Numpy array with dimensions¶
dimarray is a package to handle numpy arrays with labelled dimensions and axes. Inspired from pandas, it includes advanced alignment and reshaping features and as well as missing-value (NaN) handling.
The main difference with pandas is that it is generalized to N dimensions, and behaves more closely to a numpy array. The axes do not have fixed names (‘index’, ‘columns’, etc...) but are given a meaningful name by the user (e.g. ‘time’, ‘items’, ‘lon’ ...). This is especially useful for high dimensional problems such as sensitivity analyses.
A natural I/O format for such an array is netCDF, common in geophysics, which relies on the netCDF4 package, and supports metadata.
dimarray is distributed under a 3-clause (“Simplified” or “New”) BSD license. Parts of basemap which have BSD compatible licenses are included. See the LICENSE file, which is distributed with the dimarray package, for details.

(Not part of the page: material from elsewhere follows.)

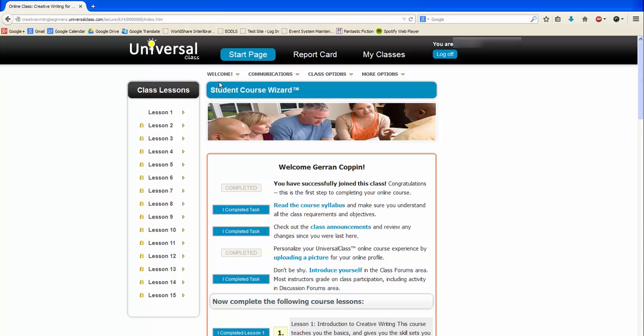Here you can view your report card and progress report. Here you can view the class forum and emails. Here you can view the class syllabus and announcements. And here you can change your password and visit the Universal Class Help Desk.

A ``DimArray`` can be defined just like a numpy array, with additional information about its dimensions, which can be provided via its axes and dims parameters:
>>> from dimarray import DimArray >>> a = DimArray([[1.,2,3], [4,5,6]], axes=[['a', 'b'], [1950, 1960, 1970]], dims=['variable', 'time']) >>> a dimarray: 6 non-null elements (0 null) 0 / variable (2): 'a' to 'b' 1 / time (3): 1950 to 1970 array([[ 1., 2., 3.], [ 4., 5., 6.]])
Indexing now works on axes
>>> a['b', 1970] 6.0
Or can just be done a la numpy, via integer index:
>>> a.ix[0, -1] 3.0
Basic numpy transformations are also in there:
>>> a.mean(axis='time') dimarray: 2 non-null elements (0 null) 0 / variable (2): 'a' to 'b' array([ 2., 5.])
Can export to pandas for pretty printing:
>>> a.to_pandas() time 1950 1960 1970 variable a 1 2 3 b 4 5 6
- python 2.7
- numpy (tested with 1.7, 1.8, 1.9, 1.10.1)
- netCDF4 (tested with 1.0.8, 1.2.1) (netCDF archiving) (see notes below)
- matplotlib 1.1 (plotting)
- pandas 0.11 (interface with pandas)
- cartopy 0.11 (dimarray.geo.crs)
Download the latest version from github and extract from archive Then from the dimarray repository type (possibly preceded by sudo):
python setup.py install
Alternatively, you can use pip to download and install the version from pypi (could be slightly out-of-date):
pip install dimarray
Notes on installing netCDF4¶
- On Ubuntu, using apt-get is the easiest way (as indicated at https://github.com/Unidata/netcdf4-python/blob/master/.travis.yml):
sudo apt-get install libhdf5-serial-dev netcdf-bin libnetcdf-dev
- On windows binaries are available: http://www.unidata.ucar.edu/software/netcdf/docs/winbin.html
- From source. Installing the netCDF4 python module from source can be cumbersome, because
it depends on netCDF4 and (especially) HDF5 C libraries that need to be compiled with specific flags (http://unidata.github.io/netcdf4-python). Detailled information on Ubuntu: https://code.google.com/p/netcdf4-python/wiki/UbuntuInstall
All suggestions for improvement or direct contributions are very welcome. You can ask a question or start a discussion on the mailing list or open an issue on github for precise requests. See links.
The ecosystem of labelled arrays¶
A brief overview of the various array packages around. The listing is chronological. dimarray is strongly inspired from pandas and larry packages.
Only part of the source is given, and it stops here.